CPU Performance: Memory and Power

Memory

With the same memory setup as the standard Skylake-style core, without any other improvements, we should expect Cannon Lake to perform exactly similar. Here’s a recap of the memory configuration:

Memory Comparison
  Skylake Desktop Cannon Lake
L1-D
Cache
32 KiB/core
8-way
32 KiB/core
8-way
L1-I
Cache
32 KiB/core
8-way
32 KiB/core
8-way
L2
Cache
256 KiB/core
4-way
256 KiB/core
4-way
L3
Cache
2 MiB/core
16-way
2 MiB/core
16-way
L3 Cache Type Inclusive Inclusive

For this test we put our Cannon Lake and Kaby Lake processors through our Memory Latency Checker test. Both systems had turbo modes disabled, forcing them to run at 2.2 GHz for parity and a direct microarchitecture comparison.
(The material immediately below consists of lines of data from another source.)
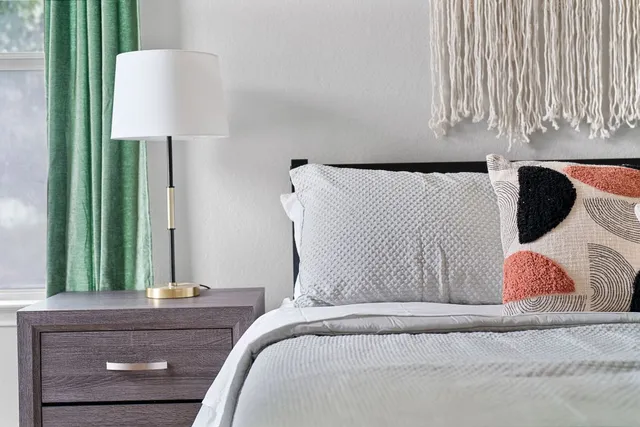 a bedroom with a bed and a lamp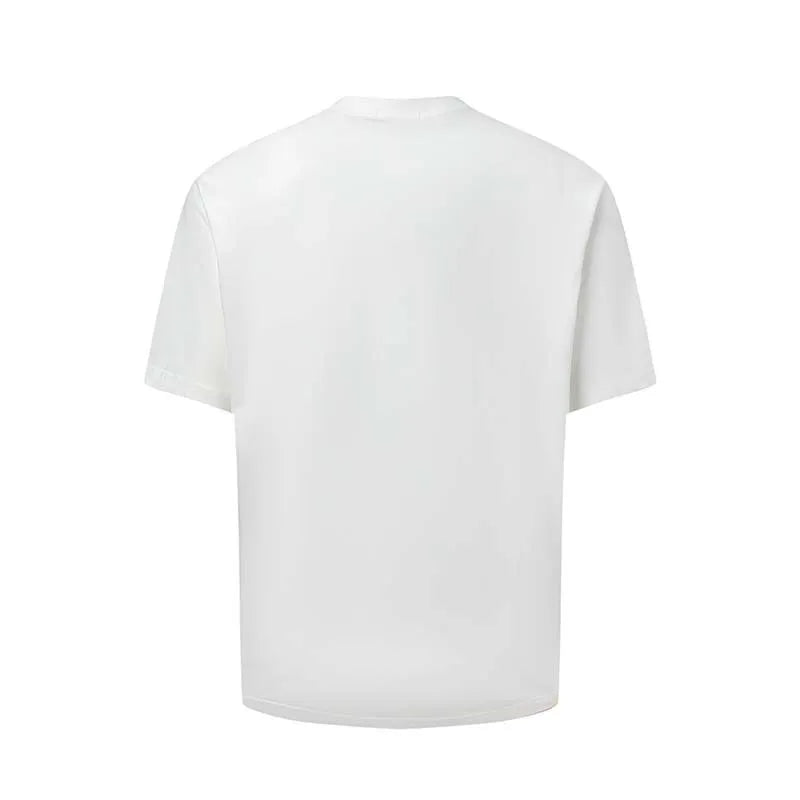 Man wearing a blue loose-fit T-shirt with a large white American retro style letter print on the front.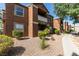Multi-story condo building with well-maintained landscaping and a walking path at 555 E Silverado Ranch Blvd # 2129, Las Vegas, NV 89183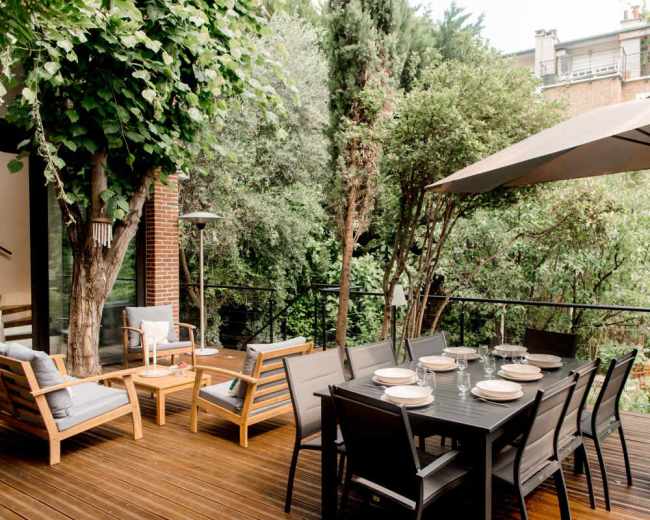 A wooden deck features a large dining table surrounded by chairs, with a shaded seating area and greenery visible in the background.
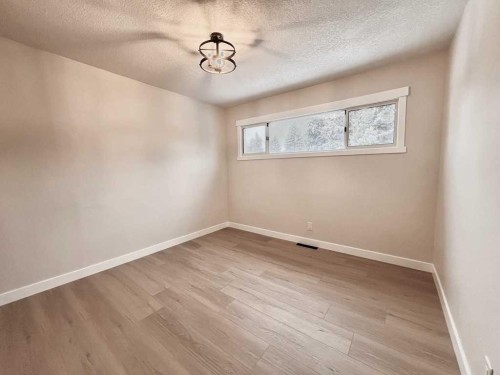 146 Springwood Drive Sw, Calgary, AB - Indoor Photo Showing Other Room
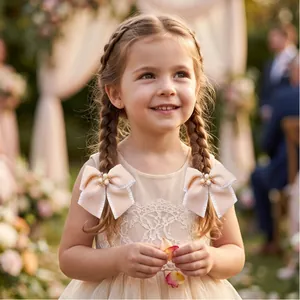 Bambina con eleganti fiocchi per capelli in nastro champagne e perle in giardino soleggiato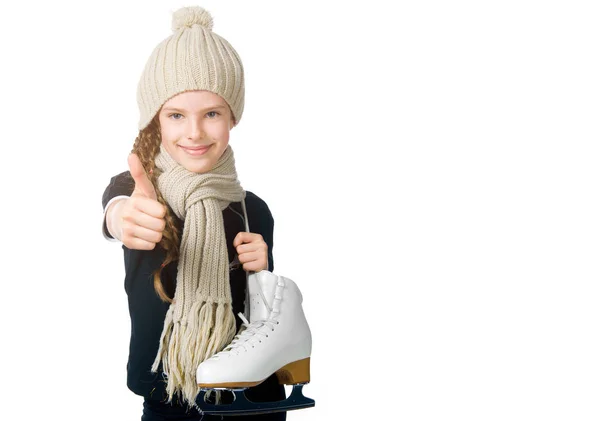 Schattig klein meisje met figuur schaatsen — Stockfoto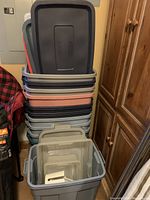 Stack of Rubbermaid totes with lids in various colors and sizes in corner of room.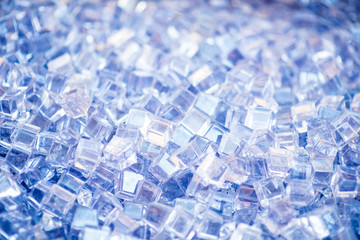 Blue and shiny ice cubes, cold background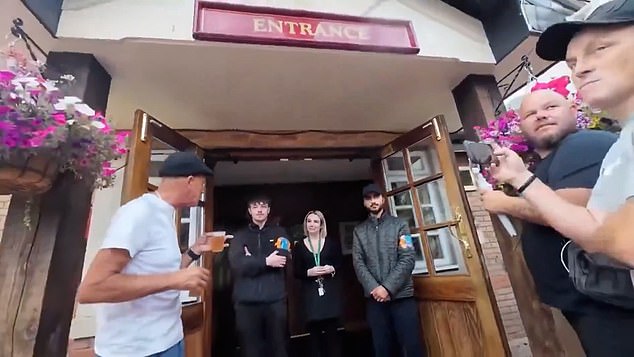 A crowd of pub-goers wearing England flags have been turned away from a boozer in Birmingham for refusing to remove the symbol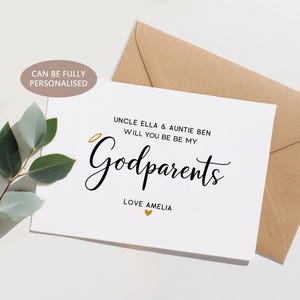 Puede incluir: Una tarjeta blanca con el texto "UNCLE ELLA & AUNTIE BEN WILL YOU BE BE MY Godparents LOVE AMELIA" en escritura negra. Un halo dorado está encima de la palabra "Godparents". Un sobre marrón está detrás de la tarjeta. La tarjeta también dice "CAN BE FULLY PERSONALISED".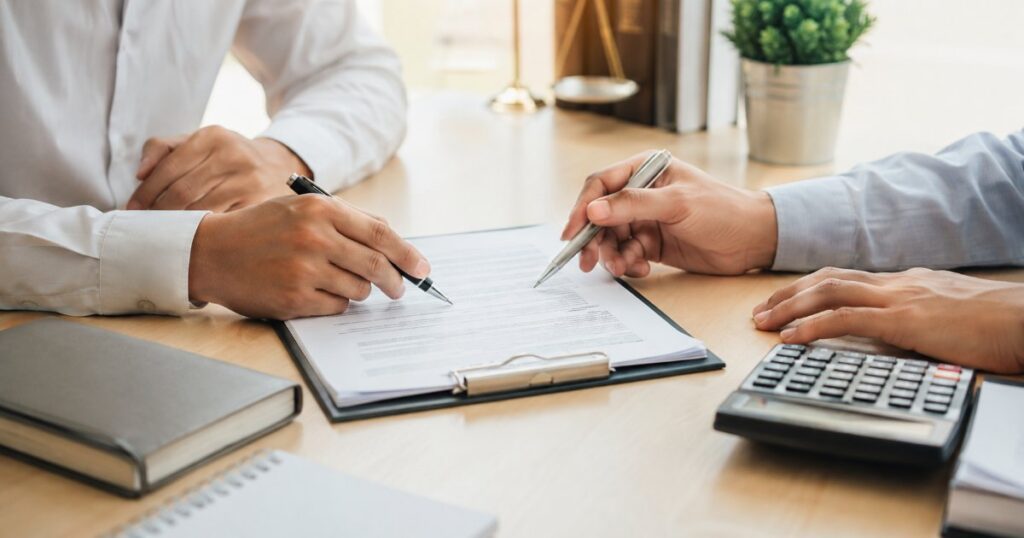 Revisão de cláusulas de contrato com caneta e calculadora em mesa de escritório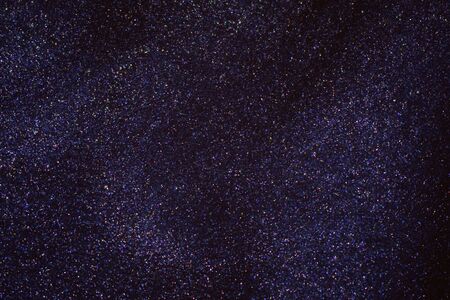 Fantasy bokeh glitter dust on dark magic background.の写真素材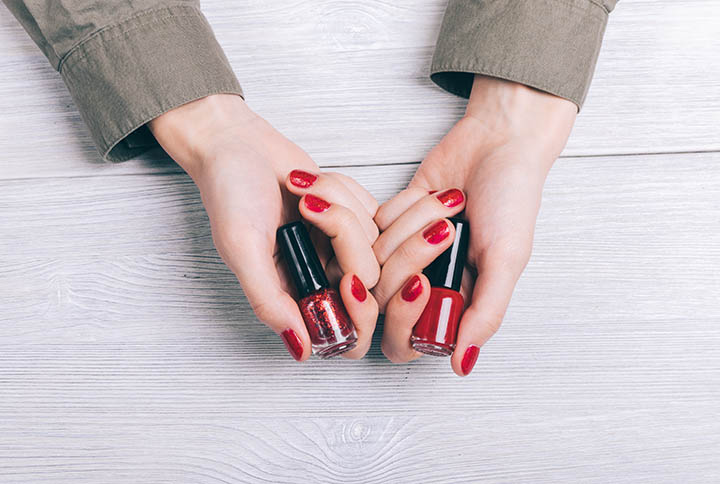 Red Nail polish In Female Hands By ProgressMan | www.shutterstock.com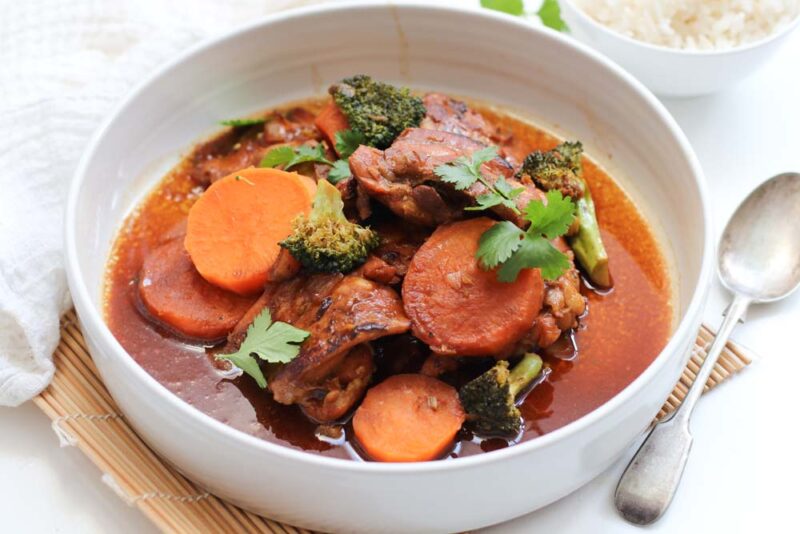Hoisin-chicken-thighs-in-a-white-dish-with-sweet-potato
In this instance we see very little different between the two through the caches of the chip. Up to about 2MiB, both chips perform practically identical. Beyond this however, going out to main memory, there is a big discrepancy between the Kaby Lake and the Cannon Lake processor. In essence, accessing Cannon Lake main memory has an additional 50% latency.
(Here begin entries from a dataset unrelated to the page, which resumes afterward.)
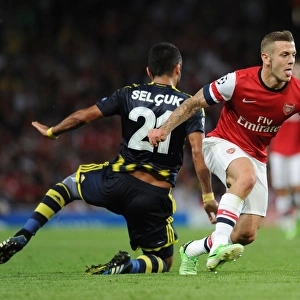 Jack Wilshere vs. Selcuk Sahin: Arsenal's Midfield Battle in Champions League Play-offs (Arsenal v Fenerbahce 2013-14)
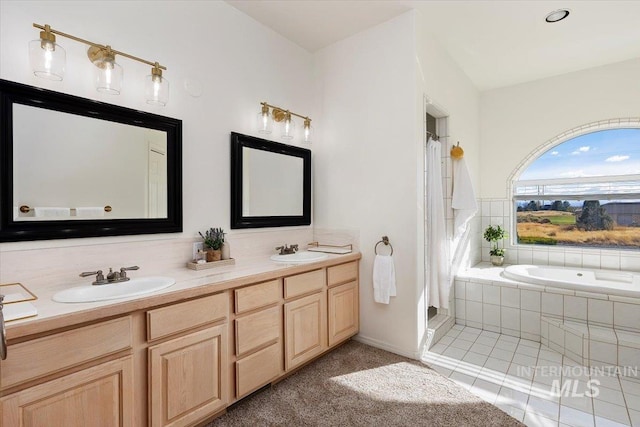 bathroom featuring vanity, tile patterned flooring, and separate shower and tub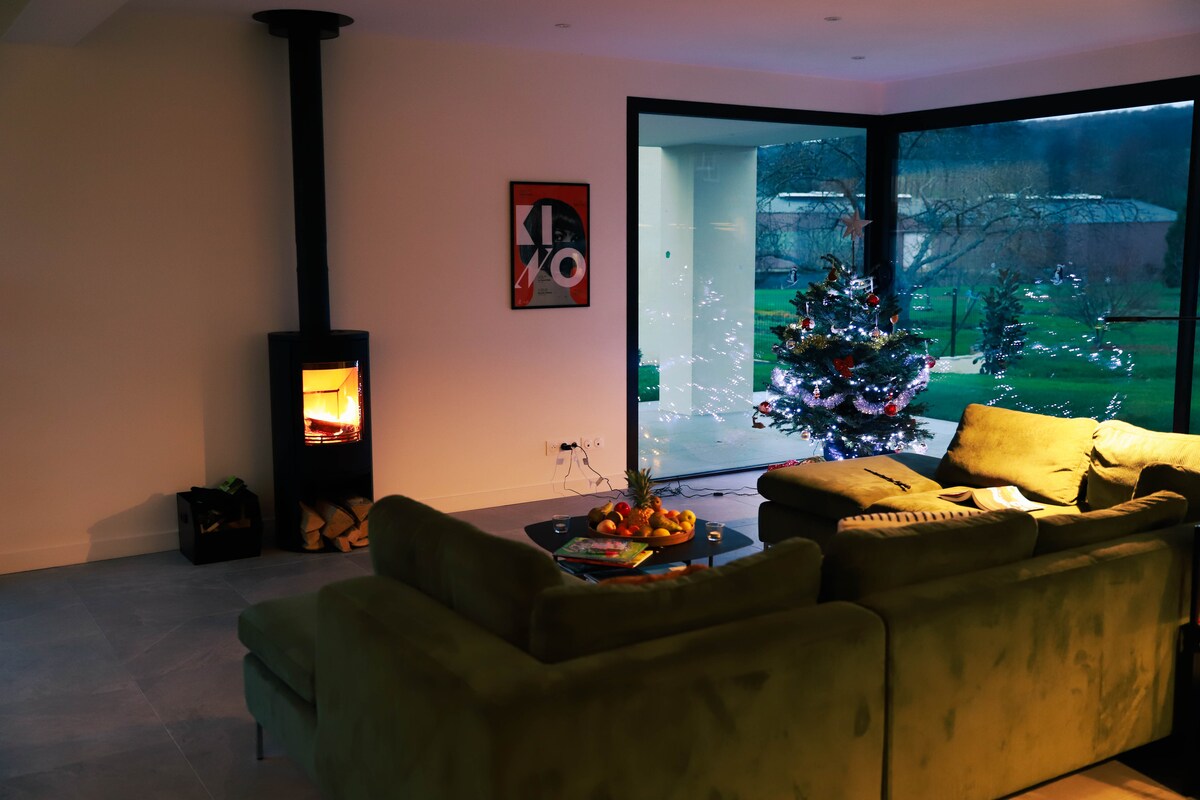 A spacious living area features a green sectional sofa arranged around a low table with a fruit bowl. A wood-burning stove adds warmth, and large glass doors provide a view of the garden and a decorated Christmas tree in the corner.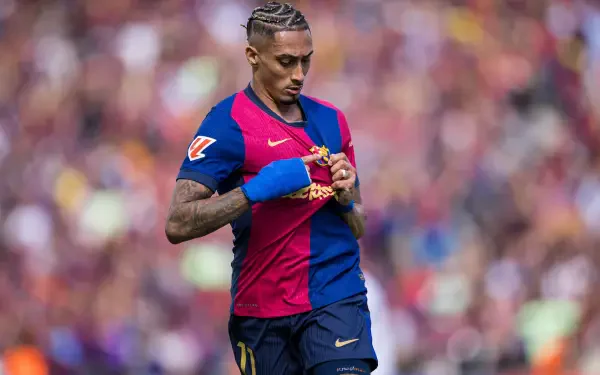 FC Barcelona soccer player adjusting his shirt on the pitch, captured in vibrant detail as a dynamic 5K Ultra HD PC desktop wallpaper background.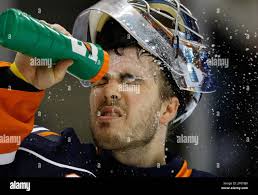 New York Islanders goalie Yann Danis sprays water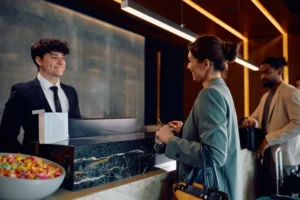 Fotografía de un joven recepcionista feliz realizando el Self check-in en hoteles de su huésped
At first we thought this was a bug. For both systems to have dual channel memory and running DDR4-2400, something had to be wrong. We double checked the setups – both systems were running in dual channel mode, giving the same memory bandwidth. The Cannon Lake processor was running at DDR4-2400 17-17-17, whereas the Kaby Lake system was at DDR4-2400 16-16-16 (due to memory SPD differences), which isn’t a big enough change to have such a big difference. The only reason we can come up with is that the memory controller on Cannon Lake must have additional overhead from the core to the memory controller – either a slower than expected PLL or something.

Power

Measuring the power of these thermally limited systems is somewhat frustrating in that we are at the whims of the quality of silicon at play. Bad silicon can get hotter faster, causing thermal throttling, or it depends on how the systems are set up for the peak power numbers. We use AIDA’s power monitoring tool to give us the power numbers for the CPUs during our POV-Ray test.
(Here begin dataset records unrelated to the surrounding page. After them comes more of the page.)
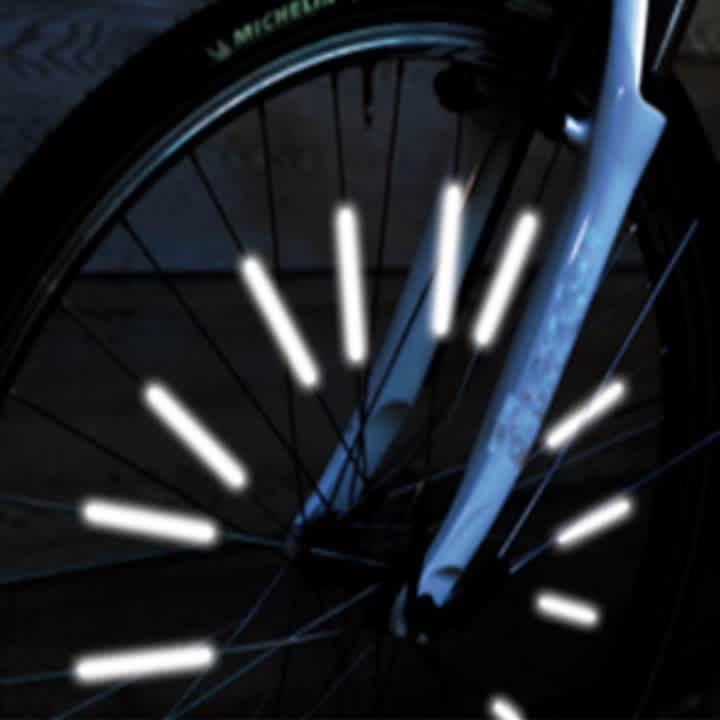 Das Bild zeigt die Nahaufnahme eines Fahrradreifens mit Reflektoren in den Speichen.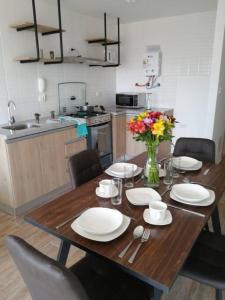 a wooden table with plates and flowers on it in a kitchen at MODERNO LOFT BARRANCO, VISTA PANORAMICA in Lima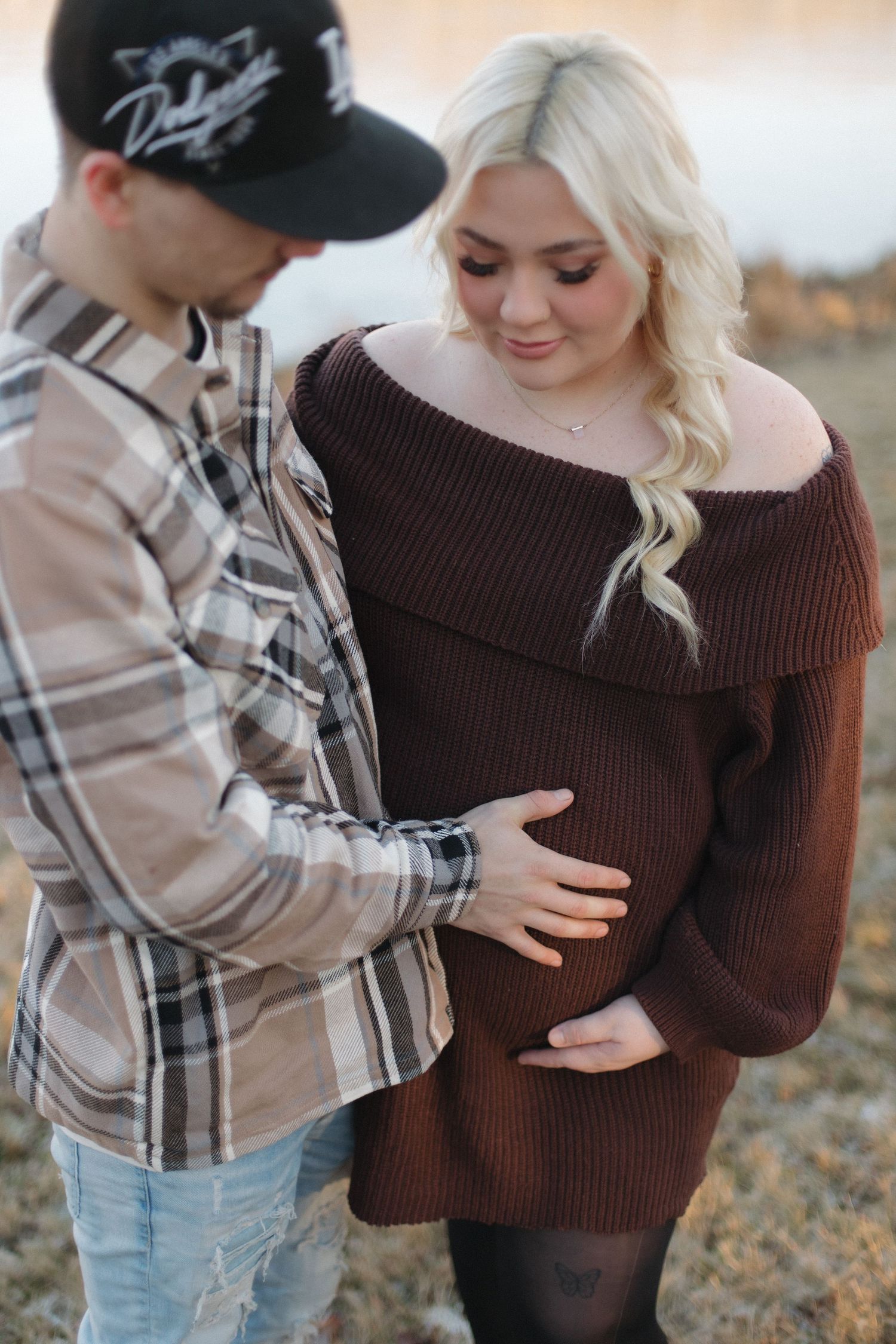 A couple shares an intimate moment outdoors as they lovingly touch a baby bump in a brown sweater maternity photo.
If you saw our How Intel Measures TDP article, you may be familiar with the concept of Power Limits. Intel processors have several power limits set in firmware – these values are set by the system manufacturer, and Intel provides ‘guidelines’. The two key values are Power Limit 1 (PL1), which describes a steady state scenario, and Power Limit 2 (PL2) which describes a turbo scenario. The reason why the system manufacturer gets control of these is because they might put a high wattage processor into a small form factor system, and need to manage performance – this is why we sometimes see a Core i7 be outperformed by a Core i5 in the same system design.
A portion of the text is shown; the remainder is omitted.